In most cases one concept is related to the others and are all tools in the lean manufacturing process. Additionally, not all of these methodologies are a perfect fit for every industry. Finding the solution that is right for you and implementing the changes can be a very industry or plant specific task.
But whether the idea originated in Japan or your hometown, the benefits of applying the principles of lean processes is being seen and is increasing the competitive edge of the industries that embrace them.
As early as 1910, auto manufacturer Henry Ford analyzed the process of assembling an automobile and thereby created a more efficient and continuous line of assembly. His profits increased rapidly and so dramatically that he quickly became one of the wealthiest men in America. When he failed, however, to make continued improvements to the process and ignored the changing needs of the customer including a choice of color and options, his competition soon surpassed his success.
Lean manufacturing today is an effort to reduce waste, minimize costs and provide just in time cost savings. It is a systematic approach to not only manufacturing, but to design and marketing as well. The lean manufacturing tools can be used to improve almost any business although not all the tools are right for every business. Two of these tools are 5S and Kaizen.
5S is a reference to five Japanese words that describe standardized cleanup.
- Seiri: tidiness, organization. Its western translation is “Sort” and refers to sorting through all tools and materials in the work area and keeping only essential items.
- Seiton: orderliness. Also known as “Straighten”, focuses on the need for an orderly workplace. Tools, equipment and materials must be systematically arranged for the easiest and most efficient access.
- Seiso: cleanliness. The western term for this is “Shine” and indicates the need to keep the workplace clean. At the end of each shift, the work area is cleaned up and everything restored to its place.
- Seiketsu: standards. “Systematize” allows for control and consistency. Basic housekeeping standards apply everywhere in the facility. Everyone knows what his or her responsibilities are.
- Shitsuke: sustaining discipline or “Sustain”. This refers to maintaining standards and keeping the facility in safe and efficient order day after day, year after year.
“Safety” is often added as a sixth S but many maintain that safety is a side benefit to disciplined housekeeping. Although the 5S program is just one of the many components of a lean initiative, the success of ones 5S implementation is an excellent predictor of the probable success of a greater lean manufacturing initiative.
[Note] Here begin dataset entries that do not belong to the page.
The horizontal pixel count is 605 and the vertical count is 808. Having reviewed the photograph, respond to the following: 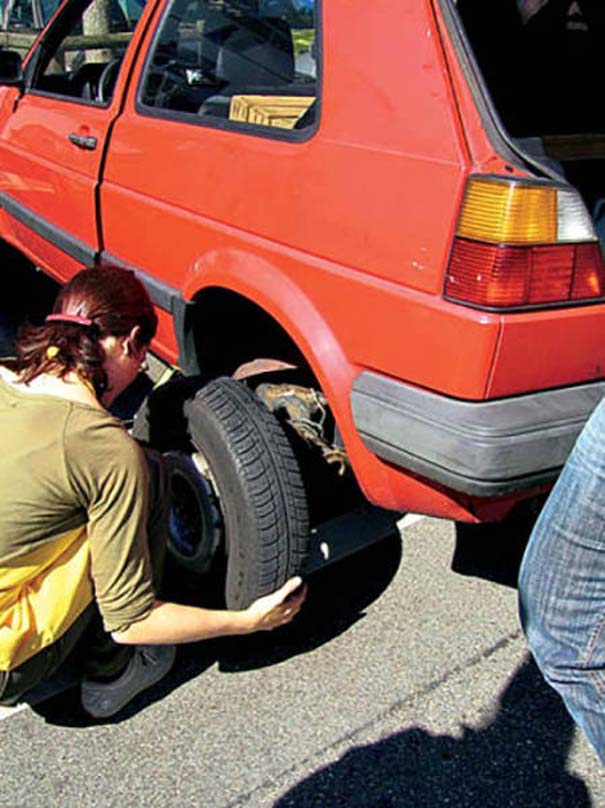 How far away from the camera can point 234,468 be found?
7.21 ft

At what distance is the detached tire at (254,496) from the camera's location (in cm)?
218

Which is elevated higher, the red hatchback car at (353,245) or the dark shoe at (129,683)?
the red hatchback car at (353,245)

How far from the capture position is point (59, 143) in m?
3.42

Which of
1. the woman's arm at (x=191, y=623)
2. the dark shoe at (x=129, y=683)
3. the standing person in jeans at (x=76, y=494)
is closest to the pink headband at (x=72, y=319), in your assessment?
the standing person in jeans at (x=76, y=494)

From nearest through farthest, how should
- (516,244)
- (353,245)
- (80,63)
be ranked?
(516,244) → (353,245) → (80,63)

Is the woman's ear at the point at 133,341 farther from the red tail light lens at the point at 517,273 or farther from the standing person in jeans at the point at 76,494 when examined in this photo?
the red tail light lens at the point at 517,273

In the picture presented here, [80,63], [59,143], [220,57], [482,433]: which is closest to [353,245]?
[482,433]

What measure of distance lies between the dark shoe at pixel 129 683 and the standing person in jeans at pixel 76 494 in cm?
20

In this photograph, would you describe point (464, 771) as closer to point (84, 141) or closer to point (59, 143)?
point (84, 141)

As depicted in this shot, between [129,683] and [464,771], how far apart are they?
89 cm

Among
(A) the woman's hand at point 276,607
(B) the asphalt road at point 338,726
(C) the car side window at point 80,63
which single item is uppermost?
(C) the car side window at point 80,63

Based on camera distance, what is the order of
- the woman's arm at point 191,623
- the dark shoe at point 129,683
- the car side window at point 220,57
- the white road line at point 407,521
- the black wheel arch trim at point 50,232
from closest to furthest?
1. the woman's arm at point 191,623
2. the dark shoe at point 129,683
3. the car side window at point 220,57
4. the white road line at point 407,521
5. the black wheel arch trim at point 50,232

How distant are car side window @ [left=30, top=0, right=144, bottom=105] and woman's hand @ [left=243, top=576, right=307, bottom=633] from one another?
234cm

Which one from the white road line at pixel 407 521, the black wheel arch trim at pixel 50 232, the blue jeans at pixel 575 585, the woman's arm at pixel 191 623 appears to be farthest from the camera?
the black wheel arch trim at pixel 50 232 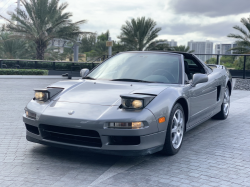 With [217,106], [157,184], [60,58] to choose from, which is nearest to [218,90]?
[217,106]

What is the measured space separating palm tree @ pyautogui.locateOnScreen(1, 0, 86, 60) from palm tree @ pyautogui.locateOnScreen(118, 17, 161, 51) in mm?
5181

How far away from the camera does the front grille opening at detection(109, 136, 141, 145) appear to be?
149 inches

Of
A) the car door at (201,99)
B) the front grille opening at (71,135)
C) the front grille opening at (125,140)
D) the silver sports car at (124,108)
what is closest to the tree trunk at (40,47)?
the car door at (201,99)

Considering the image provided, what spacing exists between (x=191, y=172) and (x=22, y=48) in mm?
32109

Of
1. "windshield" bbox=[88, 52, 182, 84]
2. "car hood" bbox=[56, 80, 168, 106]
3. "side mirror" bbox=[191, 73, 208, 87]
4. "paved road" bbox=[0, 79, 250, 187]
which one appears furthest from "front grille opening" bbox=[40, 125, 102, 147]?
"side mirror" bbox=[191, 73, 208, 87]

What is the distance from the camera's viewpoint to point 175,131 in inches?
176

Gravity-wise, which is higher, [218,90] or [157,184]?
[218,90]

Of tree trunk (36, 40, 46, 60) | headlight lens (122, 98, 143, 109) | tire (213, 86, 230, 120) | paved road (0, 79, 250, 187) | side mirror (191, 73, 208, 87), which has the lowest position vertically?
paved road (0, 79, 250, 187)

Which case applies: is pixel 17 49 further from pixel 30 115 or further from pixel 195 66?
pixel 30 115

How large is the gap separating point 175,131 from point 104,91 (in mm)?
1088

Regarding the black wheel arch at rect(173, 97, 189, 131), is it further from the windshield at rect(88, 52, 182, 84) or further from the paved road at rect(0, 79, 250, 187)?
the paved road at rect(0, 79, 250, 187)

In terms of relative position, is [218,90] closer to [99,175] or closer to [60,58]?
[99,175]

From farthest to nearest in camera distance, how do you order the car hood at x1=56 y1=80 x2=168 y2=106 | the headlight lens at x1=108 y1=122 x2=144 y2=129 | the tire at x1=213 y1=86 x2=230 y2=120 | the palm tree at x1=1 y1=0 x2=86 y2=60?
the palm tree at x1=1 y1=0 x2=86 y2=60, the tire at x1=213 y1=86 x2=230 y2=120, the car hood at x1=56 y1=80 x2=168 y2=106, the headlight lens at x1=108 y1=122 x2=144 y2=129

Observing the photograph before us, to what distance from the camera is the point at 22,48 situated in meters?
33.5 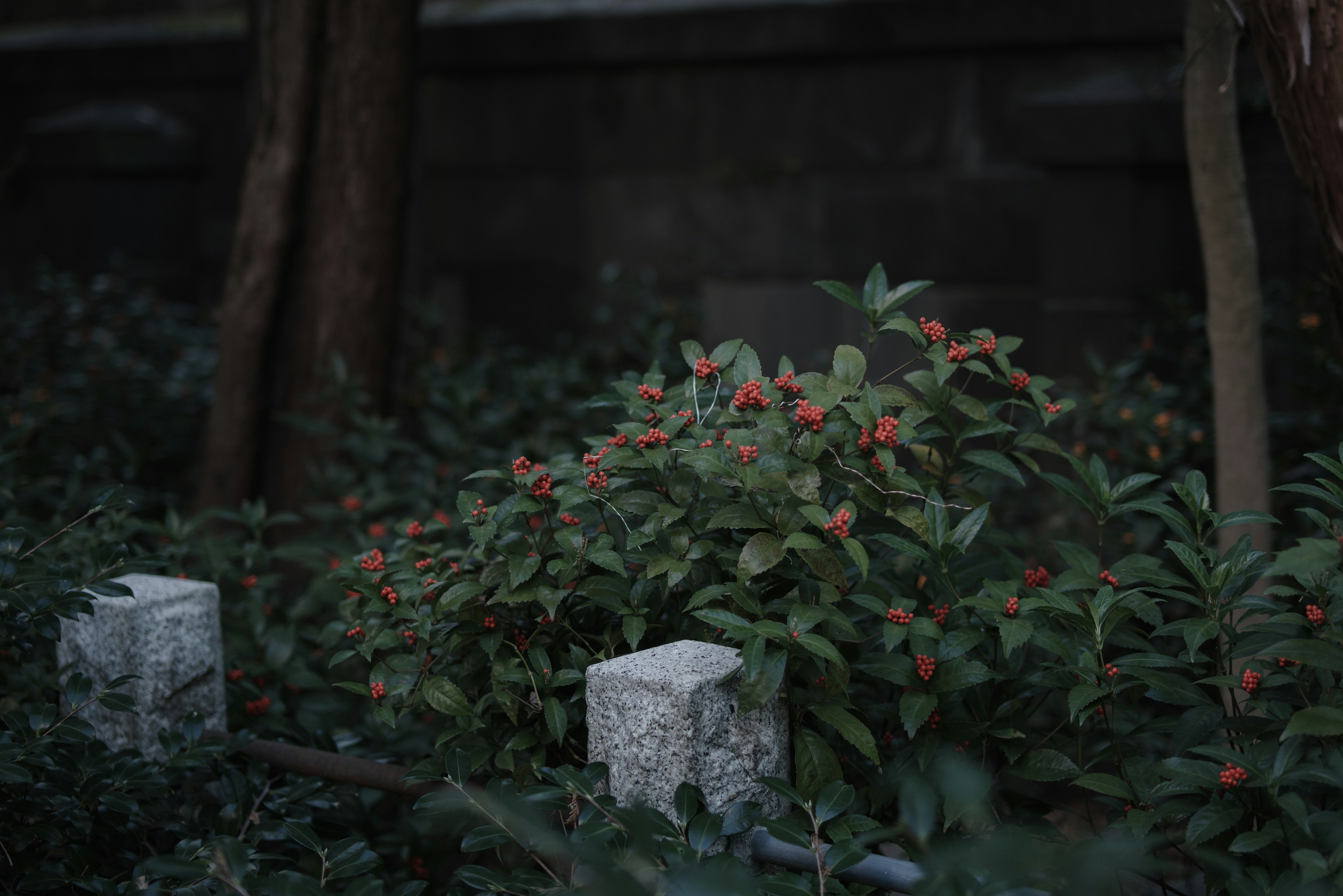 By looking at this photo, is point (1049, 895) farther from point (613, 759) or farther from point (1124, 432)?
point (1124, 432)

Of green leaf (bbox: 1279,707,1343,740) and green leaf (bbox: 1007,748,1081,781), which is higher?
green leaf (bbox: 1279,707,1343,740)

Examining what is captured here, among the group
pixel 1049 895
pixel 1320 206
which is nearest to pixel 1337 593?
pixel 1049 895

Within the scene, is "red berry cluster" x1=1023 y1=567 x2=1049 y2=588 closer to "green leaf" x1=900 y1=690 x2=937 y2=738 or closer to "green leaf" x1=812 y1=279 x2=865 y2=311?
"green leaf" x1=900 y1=690 x2=937 y2=738

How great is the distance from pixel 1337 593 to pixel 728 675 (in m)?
0.96

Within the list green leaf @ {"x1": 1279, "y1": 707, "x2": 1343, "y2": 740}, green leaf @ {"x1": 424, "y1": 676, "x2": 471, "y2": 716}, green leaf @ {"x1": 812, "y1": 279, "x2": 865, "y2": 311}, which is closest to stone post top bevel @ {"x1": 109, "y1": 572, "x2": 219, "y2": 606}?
green leaf @ {"x1": 424, "y1": 676, "x2": 471, "y2": 716}

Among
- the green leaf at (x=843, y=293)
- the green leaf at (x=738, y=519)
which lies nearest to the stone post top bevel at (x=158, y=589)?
the green leaf at (x=738, y=519)

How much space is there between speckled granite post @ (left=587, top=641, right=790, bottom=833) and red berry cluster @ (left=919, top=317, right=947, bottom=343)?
713 millimetres

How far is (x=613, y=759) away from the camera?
67.2 inches

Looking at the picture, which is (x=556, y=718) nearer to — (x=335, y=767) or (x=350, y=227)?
(x=335, y=767)

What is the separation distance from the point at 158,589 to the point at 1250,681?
2.14 meters

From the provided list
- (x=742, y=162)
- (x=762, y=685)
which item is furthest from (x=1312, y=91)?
(x=742, y=162)

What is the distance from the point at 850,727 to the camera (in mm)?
1719

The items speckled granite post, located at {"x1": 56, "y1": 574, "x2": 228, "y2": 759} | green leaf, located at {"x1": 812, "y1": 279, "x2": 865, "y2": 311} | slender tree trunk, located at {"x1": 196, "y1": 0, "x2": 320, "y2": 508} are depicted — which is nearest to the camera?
green leaf, located at {"x1": 812, "y1": 279, "x2": 865, "y2": 311}

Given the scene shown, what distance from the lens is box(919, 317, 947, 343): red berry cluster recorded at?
1.94 meters
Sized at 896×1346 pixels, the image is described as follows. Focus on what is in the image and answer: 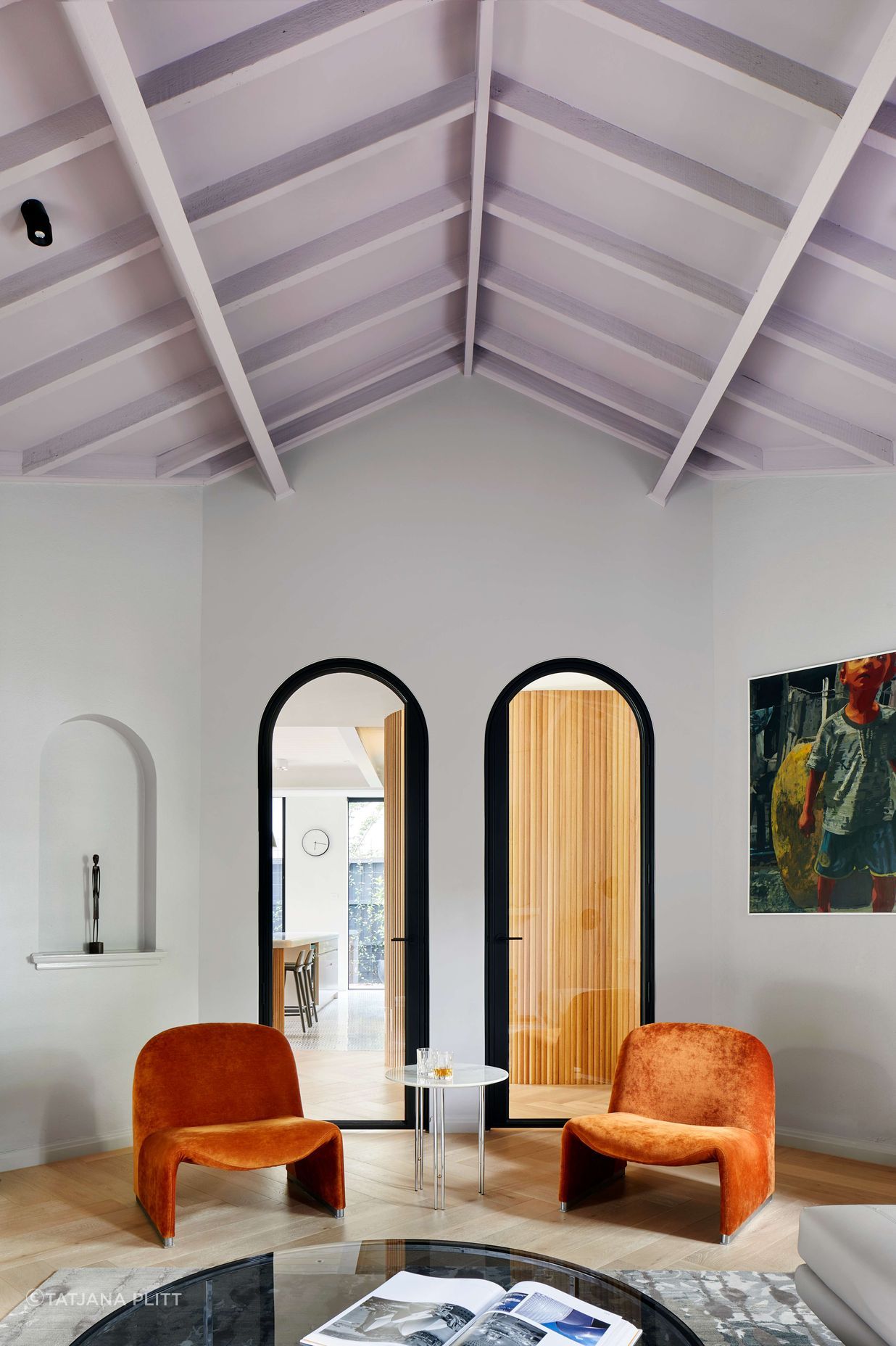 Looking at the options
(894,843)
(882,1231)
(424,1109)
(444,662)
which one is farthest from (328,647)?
(882,1231)

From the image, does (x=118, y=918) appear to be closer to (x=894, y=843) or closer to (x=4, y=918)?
(x=4, y=918)

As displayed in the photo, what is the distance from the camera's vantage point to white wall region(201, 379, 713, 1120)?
5.55 metres

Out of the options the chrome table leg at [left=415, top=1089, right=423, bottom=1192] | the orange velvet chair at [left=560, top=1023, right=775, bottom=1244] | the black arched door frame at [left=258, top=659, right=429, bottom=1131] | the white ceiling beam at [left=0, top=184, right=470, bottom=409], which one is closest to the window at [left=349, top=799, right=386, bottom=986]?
the black arched door frame at [left=258, top=659, right=429, bottom=1131]

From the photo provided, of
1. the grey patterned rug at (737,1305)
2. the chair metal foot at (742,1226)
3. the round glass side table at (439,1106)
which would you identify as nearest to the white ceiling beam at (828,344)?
the round glass side table at (439,1106)

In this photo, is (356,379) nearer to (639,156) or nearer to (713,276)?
(713,276)

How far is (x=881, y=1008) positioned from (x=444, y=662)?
272 centimetres

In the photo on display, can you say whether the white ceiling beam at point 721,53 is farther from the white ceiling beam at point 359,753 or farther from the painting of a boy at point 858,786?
the white ceiling beam at point 359,753

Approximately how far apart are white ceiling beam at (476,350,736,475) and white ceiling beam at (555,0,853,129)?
2.61 m

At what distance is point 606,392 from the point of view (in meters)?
5.50

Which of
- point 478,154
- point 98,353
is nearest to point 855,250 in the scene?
point 478,154

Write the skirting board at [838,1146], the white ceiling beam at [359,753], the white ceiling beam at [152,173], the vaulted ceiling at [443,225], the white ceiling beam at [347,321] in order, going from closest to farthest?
the white ceiling beam at [152,173] < the vaulted ceiling at [443,225] < the skirting board at [838,1146] < the white ceiling beam at [347,321] < the white ceiling beam at [359,753]

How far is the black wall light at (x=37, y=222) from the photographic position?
3574 mm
So what is Kaizen? The word Kaizen means “continuous improvement”. It encompasses the 5S ideas and is a system that involves every employee from upper management to the cleaning crew. Everyone is encouraged to come up with small improvement suggestions on a regular basis. In most cases these are not ideas for major changes. And suggestions are not limited to a specific area such as production or marketing. Kaizen involves setting standards and then continually improving those standards.
At a replacement parts manufacturing facility like Corrugated Replacements, Inc. (CRI), the production process was analyzed and streamlined in order to gain the competitive edge with regards to turnaround times. In an industry with tight deadlines, CRI realized that shortening lead times was a valuable service to its customers. With very few exceptions, out of stock male, female and trim knives are produced in 5 days or less. Pull rolls can be produced in as little as two weeks.
By organizing raw materials, investing in advanced tooling technology and grouping like work stations to maximize work flow, CRI has set the standard for turnaround times on most of its machined parts. Understanding some of the lean processes and ideologies is the first step to implementing improvement standards that work for your company. Finding what works takes trial and error as well as an untiring commitment to improvement.